THE DATA Block Start

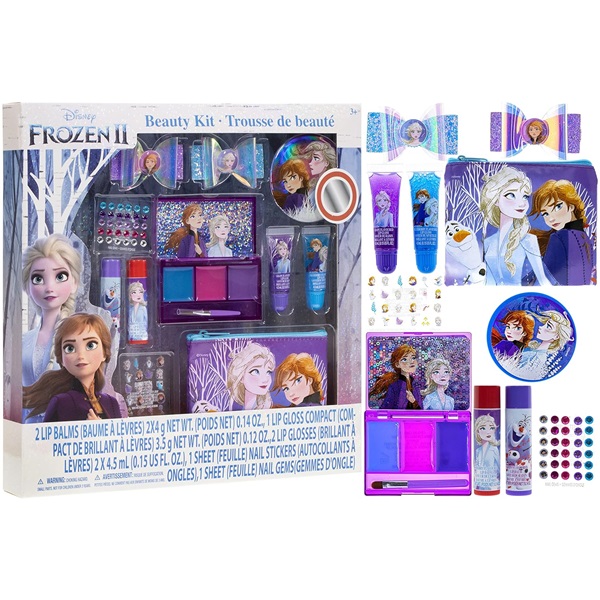Townley Girl Disney Frozen Beauty Kit, Lip balms, glosses, press on nails, gems, stickers, barrettes & more - Image 8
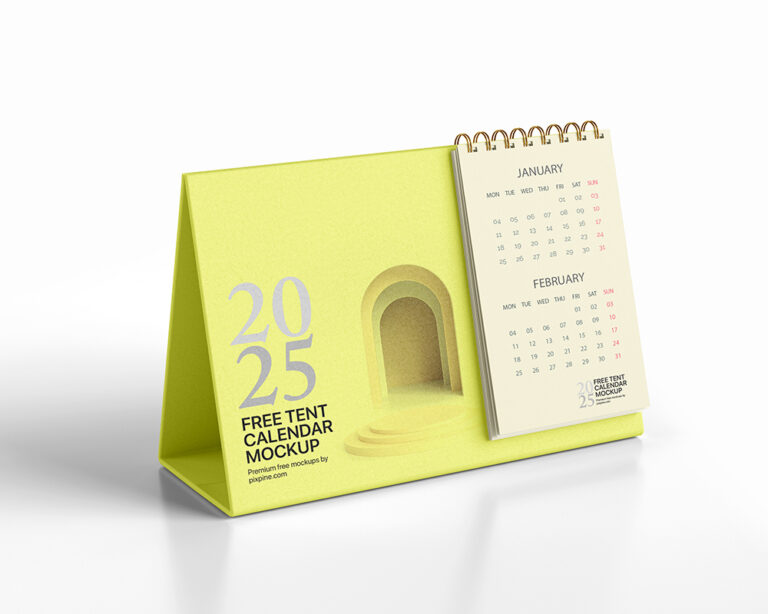 table tent calendar mockup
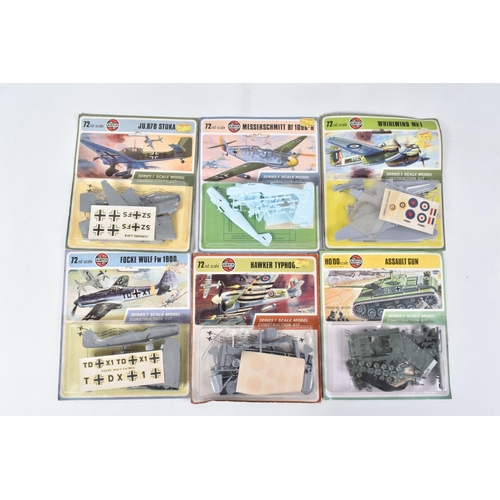 206 - A BOX CONTAINING A SELECTION OF UNBUILT VARIOUS MILITARY AIRFIX MODEL KITS, to include a Guards band... 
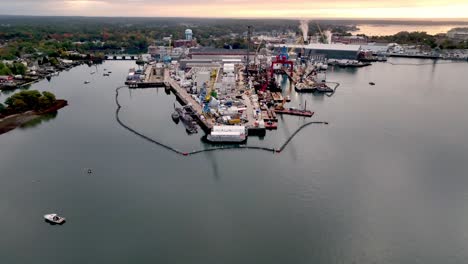 portsmouth naval shipyard in kittery maine aerial push in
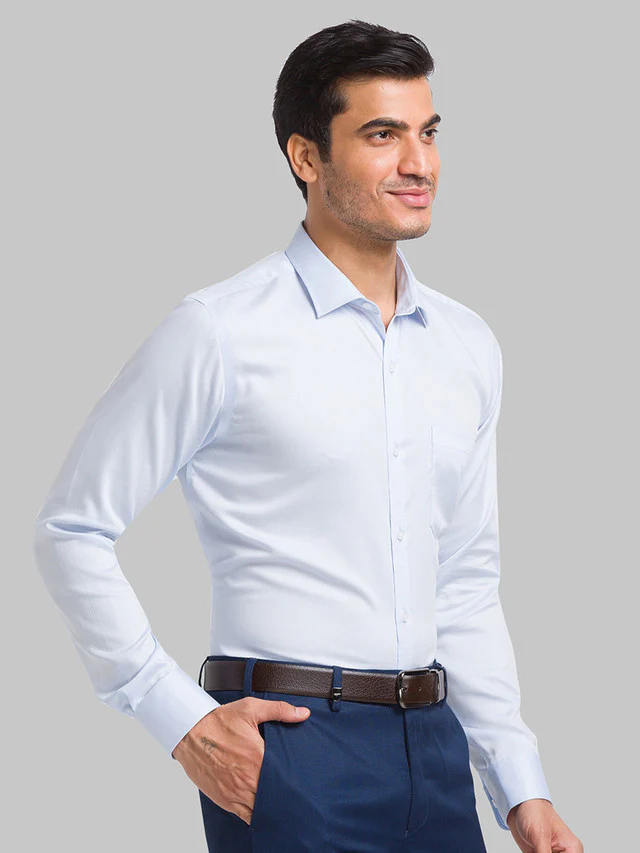 Park Avenue Blue Structure Slim Fit Full Sleeve Cotton Shirt - Image 2
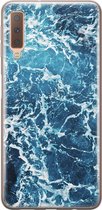 Samsung Galaxy A7 2018 hoesje siliconen - Oceaan - Soft Case Telefoonhoesje - Natuur - Blauw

THE DATA Block End

**WHAT YOU HAVE TO DO:** Leaving out the pictures, print each line of the records above from the first up to and including the one that contains "portsmouth naval shipyard", exactly as written.

**SOLUTION:**
Townley Girl Disney Frozen Beauty Kit, Lip balms, glosses, press on nails, gems, stickers, barrettes & more - Image 8
 table tent calendar mockup
 206 - A BOX CONTAINING A SELECTION OF UNBUILT VARIOUS MILITARY AIRFIX MODEL KITS, to include a Guards band... 
 portsmouth naval shipyard in kittery maine aerial push in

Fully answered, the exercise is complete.